I think I read at least one of the papers from which that notion originated (that reops have the same risk level as first time ops). But at a close reading what I gathered is that the risk is the same after you factor out all non-valve-related comorbities. But the fact remains that people are more likely to have other diseases as they age that could impact surgical risk of reop, so while it may be technically true that the reop risk is equivalent to first time op, I don't think there's practical value in that notion unless you think you are in the subpopulation that is less prone to age-related disease. If one assumes that one is average in their risk for age-related disease, then to me it makes sense to consider that the reop will likely be riskier. On the other hand, knowing this might induce someone with a tissue valve to do more preventive medicine in general with a high rate of return on investment. What do you think on this?

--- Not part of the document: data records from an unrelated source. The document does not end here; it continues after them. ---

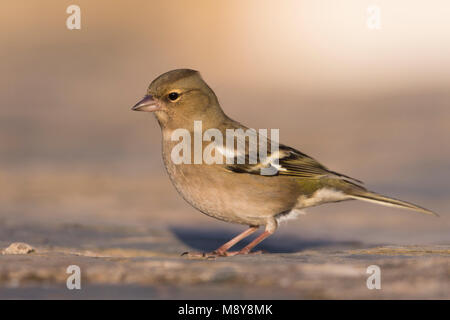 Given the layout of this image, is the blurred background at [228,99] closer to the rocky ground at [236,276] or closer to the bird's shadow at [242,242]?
the bird's shadow at [242,242]

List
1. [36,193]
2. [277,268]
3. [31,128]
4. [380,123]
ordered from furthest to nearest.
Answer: [380,123], [31,128], [36,193], [277,268]

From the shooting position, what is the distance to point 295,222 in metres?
7.96

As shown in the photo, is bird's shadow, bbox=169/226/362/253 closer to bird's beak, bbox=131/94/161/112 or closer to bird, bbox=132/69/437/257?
bird, bbox=132/69/437/257

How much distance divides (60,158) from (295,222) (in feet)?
13.2

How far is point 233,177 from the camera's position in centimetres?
569

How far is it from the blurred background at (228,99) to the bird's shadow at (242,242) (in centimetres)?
16

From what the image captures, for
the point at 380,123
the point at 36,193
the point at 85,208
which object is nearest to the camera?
the point at 85,208

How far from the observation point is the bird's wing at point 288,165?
5836mm

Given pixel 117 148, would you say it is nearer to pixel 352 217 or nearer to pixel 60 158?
pixel 60 158

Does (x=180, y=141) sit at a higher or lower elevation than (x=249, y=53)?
lower

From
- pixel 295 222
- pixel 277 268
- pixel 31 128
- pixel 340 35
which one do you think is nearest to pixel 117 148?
pixel 31 128

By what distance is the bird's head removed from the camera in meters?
6.07

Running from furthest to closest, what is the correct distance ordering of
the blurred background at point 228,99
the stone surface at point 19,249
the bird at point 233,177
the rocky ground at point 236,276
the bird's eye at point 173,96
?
the blurred background at point 228,99 < the bird's eye at point 173,96 < the bird at point 233,177 < the stone surface at point 19,249 < the rocky ground at point 236,276

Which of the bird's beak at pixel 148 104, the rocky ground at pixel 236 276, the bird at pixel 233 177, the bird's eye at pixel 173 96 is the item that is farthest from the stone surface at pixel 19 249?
the bird's eye at pixel 173 96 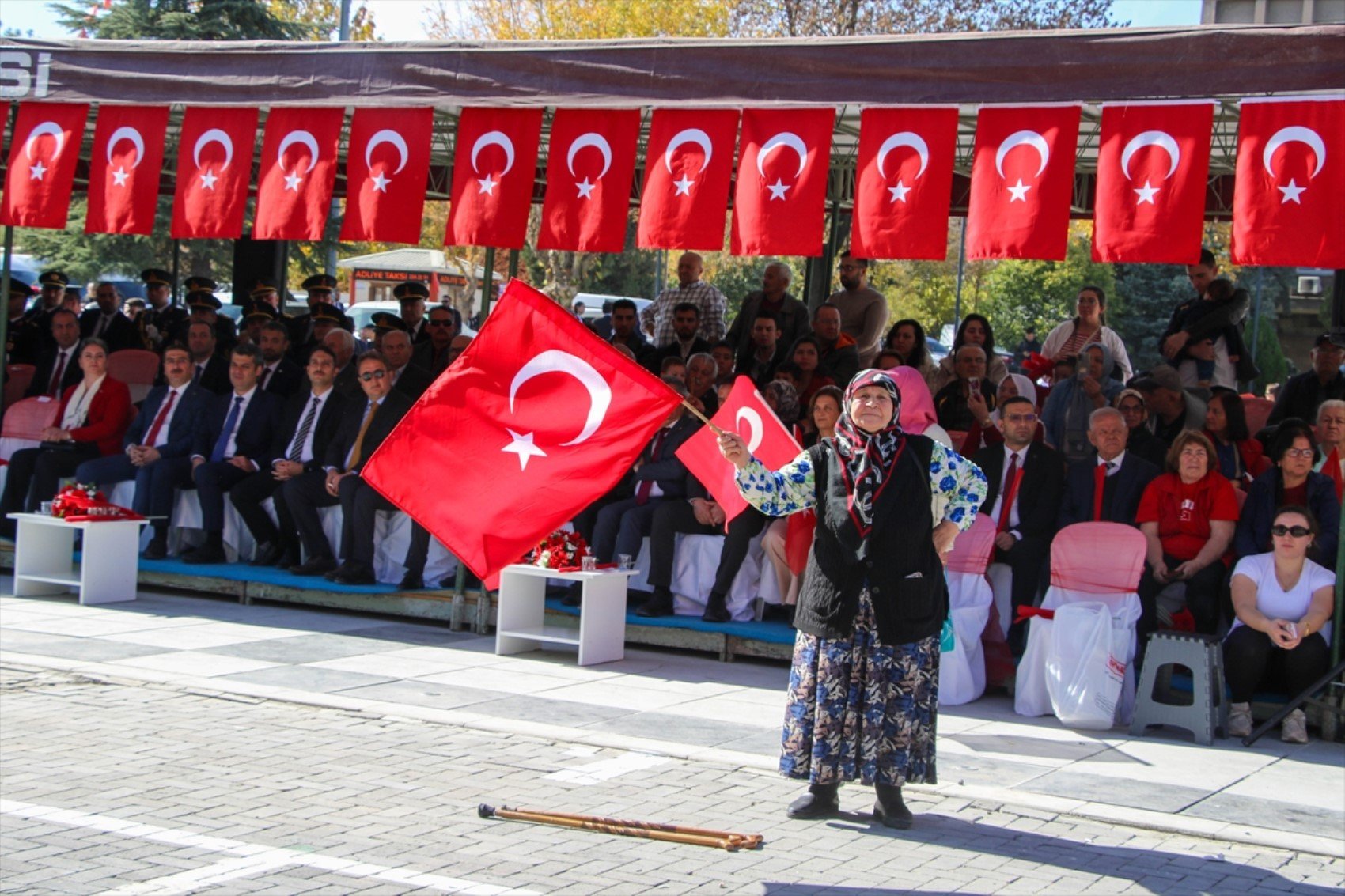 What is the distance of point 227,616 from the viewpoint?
1135cm

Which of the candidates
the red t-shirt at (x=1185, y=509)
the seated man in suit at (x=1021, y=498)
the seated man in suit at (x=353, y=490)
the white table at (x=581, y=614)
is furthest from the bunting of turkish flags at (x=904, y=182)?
the seated man in suit at (x=353, y=490)

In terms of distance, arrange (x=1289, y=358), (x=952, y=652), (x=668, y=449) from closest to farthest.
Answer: (x=952, y=652), (x=668, y=449), (x=1289, y=358)

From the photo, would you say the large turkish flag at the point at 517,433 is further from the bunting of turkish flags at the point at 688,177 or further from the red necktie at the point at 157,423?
the red necktie at the point at 157,423

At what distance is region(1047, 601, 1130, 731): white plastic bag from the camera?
866 cm

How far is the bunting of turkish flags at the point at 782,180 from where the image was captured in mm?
9789

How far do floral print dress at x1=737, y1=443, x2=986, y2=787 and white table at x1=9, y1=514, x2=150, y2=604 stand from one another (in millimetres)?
→ 6734

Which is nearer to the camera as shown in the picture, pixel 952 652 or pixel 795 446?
pixel 795 446

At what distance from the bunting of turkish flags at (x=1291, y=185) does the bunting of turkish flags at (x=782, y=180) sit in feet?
8.17

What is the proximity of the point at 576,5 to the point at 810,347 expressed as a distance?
3042 cm

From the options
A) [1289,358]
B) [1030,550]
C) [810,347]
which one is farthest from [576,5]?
[1030,550]

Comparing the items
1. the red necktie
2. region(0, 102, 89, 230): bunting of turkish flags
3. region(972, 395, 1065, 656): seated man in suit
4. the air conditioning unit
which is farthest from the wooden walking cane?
the air conditioning unit

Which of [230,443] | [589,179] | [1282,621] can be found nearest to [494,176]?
[589,179]

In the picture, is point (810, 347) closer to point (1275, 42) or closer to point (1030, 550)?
point (1030, 550)

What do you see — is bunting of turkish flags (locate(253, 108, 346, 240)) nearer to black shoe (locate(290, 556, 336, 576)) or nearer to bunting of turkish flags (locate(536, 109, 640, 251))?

And then there are the personal values, weights, and preferences that get layered onto the uncertain facts!!
Re: your last question: A-fib is depressingly common after any OHS, certainly including HVR. I haven't heard that it's more common after re-ops, but that doesn't mean it isn't. Post-op Magnesium supplementation decreases the frequency significantly according to one study I've seen, but only from way too high to still too high.
Yesterday I went to my first real cardio rehab session, with hours of "meet the team" talking, as well as a mile of track-walking. The staff cardiologist told us that the approach with serious post-op A-Fib is shifting from "cure it" to "manage it" (mostly with beta-blockers and ACT). E.g., he asked for a show of hands for how many of us (~50?) cardio rehab subjects had gotten cardioversion to cure our A-Fib. Five guys put up their hands. Then he asked "And how many of you had your A-Fib return, after the cardioversion?" and FOUR of those FIVE guys stuck their hands back up! Then he asked the FIFTH guy when he had his cardioversion. "November," he said. "You're still young," the Cardiologist told him!!
Well-taken. At least in your informal study the incidence was about 10% compared to the 30% incidence of Afib I read about in a formal study.
Anyway, thanks a lot for all the helpful information. I'm digging hard and fast to learn what I can, but I am humbled and grateful for the experiential wisdom and perseverance of the folks represented on this site. Please let me know if you think I'm way off base with anything or have anything else to add.